The United Nations and the League of Arab States are considering sending a joint observer mission to Syria to try to end the crisis engulfing that Middle East country, with U.N. Secretary General Ban Ki-moon warning on Feb. 9 that recent attacks against civilians in the city of Homs were a bad omen. Ban reported that well over 5,000 people have been killed as a result of a government crackdown since a pro-democracy uprising began in March last year.
“For too many months, we have watched this crisis deepen,” Ban told journalists at U.N. headquarters, following a closed-door Security Council briefing on conditions in Syria. “We have seen escalating violence, brutal crackdowns and tremendous suffering by the Syrian people.”

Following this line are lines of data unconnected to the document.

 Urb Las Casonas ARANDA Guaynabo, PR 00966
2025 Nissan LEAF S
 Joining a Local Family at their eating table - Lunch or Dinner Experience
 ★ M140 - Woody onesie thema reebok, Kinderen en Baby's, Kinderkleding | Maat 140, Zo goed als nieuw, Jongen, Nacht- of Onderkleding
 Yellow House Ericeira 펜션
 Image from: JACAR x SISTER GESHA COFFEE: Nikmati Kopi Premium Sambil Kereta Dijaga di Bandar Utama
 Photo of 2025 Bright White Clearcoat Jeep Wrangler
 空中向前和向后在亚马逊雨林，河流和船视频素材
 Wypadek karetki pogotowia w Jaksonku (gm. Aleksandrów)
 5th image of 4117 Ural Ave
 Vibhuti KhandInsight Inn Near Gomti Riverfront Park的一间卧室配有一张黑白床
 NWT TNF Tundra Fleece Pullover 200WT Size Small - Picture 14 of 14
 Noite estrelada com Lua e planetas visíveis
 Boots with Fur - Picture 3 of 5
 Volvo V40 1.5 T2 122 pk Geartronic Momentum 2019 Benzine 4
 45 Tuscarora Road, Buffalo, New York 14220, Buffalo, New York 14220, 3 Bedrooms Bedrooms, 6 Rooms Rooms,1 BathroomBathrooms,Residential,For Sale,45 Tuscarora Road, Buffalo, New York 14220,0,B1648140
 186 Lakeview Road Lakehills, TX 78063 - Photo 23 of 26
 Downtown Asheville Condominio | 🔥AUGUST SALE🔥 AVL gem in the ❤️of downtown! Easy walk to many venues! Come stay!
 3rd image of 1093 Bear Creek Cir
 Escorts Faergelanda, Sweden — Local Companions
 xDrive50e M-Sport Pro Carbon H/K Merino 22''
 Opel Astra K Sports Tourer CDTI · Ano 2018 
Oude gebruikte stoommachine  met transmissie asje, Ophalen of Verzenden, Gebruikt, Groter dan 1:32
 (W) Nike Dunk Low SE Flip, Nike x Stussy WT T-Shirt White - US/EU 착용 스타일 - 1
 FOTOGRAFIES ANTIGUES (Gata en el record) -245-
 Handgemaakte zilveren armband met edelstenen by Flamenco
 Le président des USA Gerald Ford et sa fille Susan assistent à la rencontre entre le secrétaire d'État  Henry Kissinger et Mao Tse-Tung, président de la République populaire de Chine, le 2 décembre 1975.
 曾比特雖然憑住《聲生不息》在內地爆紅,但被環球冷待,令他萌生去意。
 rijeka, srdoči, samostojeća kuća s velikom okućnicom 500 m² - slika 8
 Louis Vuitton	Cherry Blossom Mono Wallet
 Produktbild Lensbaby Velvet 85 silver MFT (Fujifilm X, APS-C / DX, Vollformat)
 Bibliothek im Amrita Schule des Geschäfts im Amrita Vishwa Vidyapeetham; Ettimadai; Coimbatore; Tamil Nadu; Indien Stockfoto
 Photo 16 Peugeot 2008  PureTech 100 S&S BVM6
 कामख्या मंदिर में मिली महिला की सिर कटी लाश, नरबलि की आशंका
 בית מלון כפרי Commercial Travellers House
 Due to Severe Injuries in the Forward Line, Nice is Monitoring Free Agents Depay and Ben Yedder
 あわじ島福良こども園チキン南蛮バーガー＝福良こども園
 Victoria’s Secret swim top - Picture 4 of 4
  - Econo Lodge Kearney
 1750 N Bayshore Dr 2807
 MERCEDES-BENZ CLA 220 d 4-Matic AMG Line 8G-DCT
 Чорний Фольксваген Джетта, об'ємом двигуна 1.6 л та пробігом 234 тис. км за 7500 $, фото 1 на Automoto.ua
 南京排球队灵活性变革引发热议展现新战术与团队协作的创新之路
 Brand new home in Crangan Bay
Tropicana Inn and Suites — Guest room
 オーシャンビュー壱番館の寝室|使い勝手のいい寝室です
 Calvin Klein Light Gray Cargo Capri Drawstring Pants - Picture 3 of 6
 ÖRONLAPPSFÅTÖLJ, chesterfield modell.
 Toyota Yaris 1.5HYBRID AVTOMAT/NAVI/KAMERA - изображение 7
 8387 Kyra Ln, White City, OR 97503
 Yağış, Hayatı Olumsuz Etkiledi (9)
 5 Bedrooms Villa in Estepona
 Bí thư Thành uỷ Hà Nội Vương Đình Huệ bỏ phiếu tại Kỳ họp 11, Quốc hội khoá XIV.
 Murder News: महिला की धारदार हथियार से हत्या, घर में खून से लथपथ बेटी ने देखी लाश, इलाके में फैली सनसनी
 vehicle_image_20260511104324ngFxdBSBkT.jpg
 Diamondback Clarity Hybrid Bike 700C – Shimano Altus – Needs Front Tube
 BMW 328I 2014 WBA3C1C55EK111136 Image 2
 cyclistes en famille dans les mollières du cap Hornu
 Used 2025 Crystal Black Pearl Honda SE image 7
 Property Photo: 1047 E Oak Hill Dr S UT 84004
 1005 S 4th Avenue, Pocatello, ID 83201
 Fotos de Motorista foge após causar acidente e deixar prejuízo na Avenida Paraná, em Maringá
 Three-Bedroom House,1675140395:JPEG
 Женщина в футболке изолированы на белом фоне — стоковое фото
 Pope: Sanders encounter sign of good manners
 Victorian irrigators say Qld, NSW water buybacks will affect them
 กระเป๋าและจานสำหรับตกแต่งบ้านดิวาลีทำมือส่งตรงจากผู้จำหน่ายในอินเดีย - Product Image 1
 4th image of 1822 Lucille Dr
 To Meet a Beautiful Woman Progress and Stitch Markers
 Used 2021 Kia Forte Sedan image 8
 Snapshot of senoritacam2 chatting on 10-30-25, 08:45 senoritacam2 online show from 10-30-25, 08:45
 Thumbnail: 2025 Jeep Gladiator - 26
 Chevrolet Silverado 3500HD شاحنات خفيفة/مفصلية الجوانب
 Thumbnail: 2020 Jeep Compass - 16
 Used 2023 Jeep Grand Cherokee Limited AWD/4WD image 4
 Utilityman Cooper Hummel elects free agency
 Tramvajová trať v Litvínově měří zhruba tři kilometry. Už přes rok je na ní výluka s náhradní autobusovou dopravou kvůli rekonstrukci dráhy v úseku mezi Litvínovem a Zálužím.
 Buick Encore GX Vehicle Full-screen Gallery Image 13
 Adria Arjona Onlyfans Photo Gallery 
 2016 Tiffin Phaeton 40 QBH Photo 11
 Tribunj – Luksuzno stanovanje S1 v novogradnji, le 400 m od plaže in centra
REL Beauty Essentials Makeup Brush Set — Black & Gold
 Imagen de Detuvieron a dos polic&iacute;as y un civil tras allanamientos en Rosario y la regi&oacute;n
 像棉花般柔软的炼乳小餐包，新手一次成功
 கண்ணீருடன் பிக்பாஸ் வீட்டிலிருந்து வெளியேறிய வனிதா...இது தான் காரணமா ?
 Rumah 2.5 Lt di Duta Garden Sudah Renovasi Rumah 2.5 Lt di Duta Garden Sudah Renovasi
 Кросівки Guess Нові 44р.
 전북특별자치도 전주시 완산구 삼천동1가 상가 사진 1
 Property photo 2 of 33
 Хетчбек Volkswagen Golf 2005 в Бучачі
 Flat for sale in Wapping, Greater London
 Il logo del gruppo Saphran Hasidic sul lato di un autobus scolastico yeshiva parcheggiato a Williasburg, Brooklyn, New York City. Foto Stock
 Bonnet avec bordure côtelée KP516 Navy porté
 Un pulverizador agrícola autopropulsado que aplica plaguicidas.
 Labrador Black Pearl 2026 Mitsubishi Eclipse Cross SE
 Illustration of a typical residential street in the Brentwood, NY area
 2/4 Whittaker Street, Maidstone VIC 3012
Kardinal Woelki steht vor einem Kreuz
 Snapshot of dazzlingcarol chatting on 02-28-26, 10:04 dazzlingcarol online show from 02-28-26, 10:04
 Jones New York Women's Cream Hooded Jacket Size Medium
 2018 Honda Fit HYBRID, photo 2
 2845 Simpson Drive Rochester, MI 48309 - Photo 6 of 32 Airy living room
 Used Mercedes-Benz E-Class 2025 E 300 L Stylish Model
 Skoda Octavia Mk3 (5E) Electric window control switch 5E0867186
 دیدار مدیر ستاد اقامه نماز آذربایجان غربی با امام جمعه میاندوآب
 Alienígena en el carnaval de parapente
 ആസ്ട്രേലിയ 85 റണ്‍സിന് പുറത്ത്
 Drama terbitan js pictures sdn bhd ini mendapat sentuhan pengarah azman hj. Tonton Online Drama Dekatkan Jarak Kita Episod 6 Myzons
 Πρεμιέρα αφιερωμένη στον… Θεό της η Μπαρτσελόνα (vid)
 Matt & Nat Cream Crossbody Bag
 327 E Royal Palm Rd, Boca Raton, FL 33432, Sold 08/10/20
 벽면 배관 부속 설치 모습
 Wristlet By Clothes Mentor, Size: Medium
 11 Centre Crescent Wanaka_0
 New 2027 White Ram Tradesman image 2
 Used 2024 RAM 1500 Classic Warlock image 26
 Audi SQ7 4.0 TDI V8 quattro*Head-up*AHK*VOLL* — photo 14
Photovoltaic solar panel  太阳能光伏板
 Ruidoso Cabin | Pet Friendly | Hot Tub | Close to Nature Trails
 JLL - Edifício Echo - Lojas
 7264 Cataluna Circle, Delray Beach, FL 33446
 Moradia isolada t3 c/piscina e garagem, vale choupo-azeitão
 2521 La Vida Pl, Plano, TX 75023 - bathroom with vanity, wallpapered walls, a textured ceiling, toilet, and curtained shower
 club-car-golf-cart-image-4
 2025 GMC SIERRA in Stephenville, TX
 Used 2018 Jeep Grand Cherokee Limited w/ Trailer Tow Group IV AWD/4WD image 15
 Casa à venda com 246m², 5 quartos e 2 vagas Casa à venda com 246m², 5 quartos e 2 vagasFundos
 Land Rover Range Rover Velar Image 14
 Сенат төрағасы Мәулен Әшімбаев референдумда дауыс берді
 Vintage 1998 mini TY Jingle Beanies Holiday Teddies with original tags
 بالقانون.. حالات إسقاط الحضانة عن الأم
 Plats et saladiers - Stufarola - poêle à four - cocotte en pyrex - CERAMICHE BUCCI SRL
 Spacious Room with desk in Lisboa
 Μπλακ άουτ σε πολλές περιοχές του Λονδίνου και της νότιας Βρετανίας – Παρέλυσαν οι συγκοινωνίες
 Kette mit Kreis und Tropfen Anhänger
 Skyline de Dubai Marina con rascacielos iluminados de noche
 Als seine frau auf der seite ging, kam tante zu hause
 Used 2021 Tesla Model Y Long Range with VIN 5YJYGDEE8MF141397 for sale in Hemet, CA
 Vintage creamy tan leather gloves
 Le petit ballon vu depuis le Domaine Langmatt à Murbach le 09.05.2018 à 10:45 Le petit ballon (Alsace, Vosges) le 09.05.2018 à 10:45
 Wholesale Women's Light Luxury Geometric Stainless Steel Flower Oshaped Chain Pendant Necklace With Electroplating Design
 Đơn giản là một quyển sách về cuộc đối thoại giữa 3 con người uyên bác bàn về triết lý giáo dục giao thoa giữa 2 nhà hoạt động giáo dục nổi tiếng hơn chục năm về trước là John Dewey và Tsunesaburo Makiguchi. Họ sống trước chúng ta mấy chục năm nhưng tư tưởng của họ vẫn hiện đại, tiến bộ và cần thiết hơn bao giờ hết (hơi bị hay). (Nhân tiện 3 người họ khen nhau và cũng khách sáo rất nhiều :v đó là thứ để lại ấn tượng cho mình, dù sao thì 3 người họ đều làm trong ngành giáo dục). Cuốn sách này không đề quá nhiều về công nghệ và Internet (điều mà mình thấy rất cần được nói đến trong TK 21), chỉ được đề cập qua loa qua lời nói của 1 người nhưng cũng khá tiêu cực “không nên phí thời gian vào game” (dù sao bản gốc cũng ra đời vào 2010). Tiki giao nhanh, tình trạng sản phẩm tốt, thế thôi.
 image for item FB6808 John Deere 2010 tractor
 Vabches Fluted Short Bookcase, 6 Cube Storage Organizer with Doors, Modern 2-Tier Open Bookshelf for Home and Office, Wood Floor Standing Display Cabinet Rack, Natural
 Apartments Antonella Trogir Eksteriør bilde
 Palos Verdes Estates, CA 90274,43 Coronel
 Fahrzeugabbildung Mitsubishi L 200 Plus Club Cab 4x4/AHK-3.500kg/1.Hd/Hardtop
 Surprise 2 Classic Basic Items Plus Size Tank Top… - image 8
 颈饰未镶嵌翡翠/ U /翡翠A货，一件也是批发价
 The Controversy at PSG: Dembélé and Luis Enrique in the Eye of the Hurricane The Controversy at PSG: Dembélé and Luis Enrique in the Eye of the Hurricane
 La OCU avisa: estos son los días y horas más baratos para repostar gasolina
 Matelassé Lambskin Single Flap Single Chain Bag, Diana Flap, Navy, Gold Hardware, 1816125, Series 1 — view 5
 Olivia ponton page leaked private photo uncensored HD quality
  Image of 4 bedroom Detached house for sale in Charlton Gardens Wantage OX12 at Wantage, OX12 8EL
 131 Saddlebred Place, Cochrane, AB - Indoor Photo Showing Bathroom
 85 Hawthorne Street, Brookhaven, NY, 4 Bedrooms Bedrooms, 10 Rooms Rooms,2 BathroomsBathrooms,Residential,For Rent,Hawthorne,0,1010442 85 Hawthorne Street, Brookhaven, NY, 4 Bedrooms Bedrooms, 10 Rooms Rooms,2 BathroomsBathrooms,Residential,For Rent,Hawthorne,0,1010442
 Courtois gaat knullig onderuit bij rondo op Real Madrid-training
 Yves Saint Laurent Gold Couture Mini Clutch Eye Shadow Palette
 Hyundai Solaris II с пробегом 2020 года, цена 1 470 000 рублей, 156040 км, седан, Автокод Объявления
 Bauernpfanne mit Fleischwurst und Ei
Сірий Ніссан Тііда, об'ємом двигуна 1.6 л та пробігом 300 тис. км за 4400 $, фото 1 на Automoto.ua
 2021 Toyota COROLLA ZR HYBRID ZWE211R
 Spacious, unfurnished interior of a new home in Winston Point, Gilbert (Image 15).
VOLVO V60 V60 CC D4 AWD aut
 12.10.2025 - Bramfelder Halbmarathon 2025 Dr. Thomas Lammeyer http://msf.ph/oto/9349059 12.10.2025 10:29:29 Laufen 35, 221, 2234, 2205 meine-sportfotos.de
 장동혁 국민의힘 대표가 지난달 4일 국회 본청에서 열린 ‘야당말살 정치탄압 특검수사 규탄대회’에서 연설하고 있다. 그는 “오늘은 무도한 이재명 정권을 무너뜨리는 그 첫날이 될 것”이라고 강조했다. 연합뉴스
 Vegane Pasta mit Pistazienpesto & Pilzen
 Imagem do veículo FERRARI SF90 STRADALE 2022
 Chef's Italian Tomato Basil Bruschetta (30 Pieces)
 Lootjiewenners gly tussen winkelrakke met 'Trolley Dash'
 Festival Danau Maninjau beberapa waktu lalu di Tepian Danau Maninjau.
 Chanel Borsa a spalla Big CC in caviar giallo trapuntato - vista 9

According to local sources, the Syrian army has sharply increased the use of tanks, helicopters, mortars, rockets and artillery fire to attack civilian areas, the Office of the High Commissioner for Human Rights said. With one million residents, Homs is Syria’s third-largest city. “I am appalled by the Syrian government’s willful assault on Homs, and its use of artillery and other heavy weaponry in what appear to be indiscriminate attacks on civilian areas in the city,” said High Commissioner Navanethem Pillay.
On Feb. 4 Russia and China vetoed a draft resolution supported by the Security Council’s 13 other members. The draft text had endorsed an Arab League plan to resolve the crisis. Ban said the council’s failure to agree on collective action was “disastrous for the people of Syria. It has encouraged the Syrian government to step up its war on its own people,” he said. “I fear that the appalling brutality we are witnessing in Homs, with heavy weapons firing into civilian neighborhoods, is a grim harbinger of worse to come.”
The secretary general asked, “How many deaths will it take to halt this dangerous slide toward civil war and sectarian strife?”
As the government bombardment of Homs entered its fifth day on Feb. 9, most Christian families fled the city. Some priests have decided to stay, even as government forces intensified their strikes against the heart of the revolt against President Bashar al-Assad, said the Vatican’s nuncio to Syria, Archbishop Mario Zenari.
Archbishop Zenari said the Vatican has no plans to close its operations in Damascus, the Syrian capital, and church officials still hoped for a peaceful outcome that preserved order.
“Within the region, Syria is a model of religious tolerance, above all with respect to relations between Christians and Muslims,” he said. “Till now, Christians in Syria have enjoyed great respect from every side in the conflict.”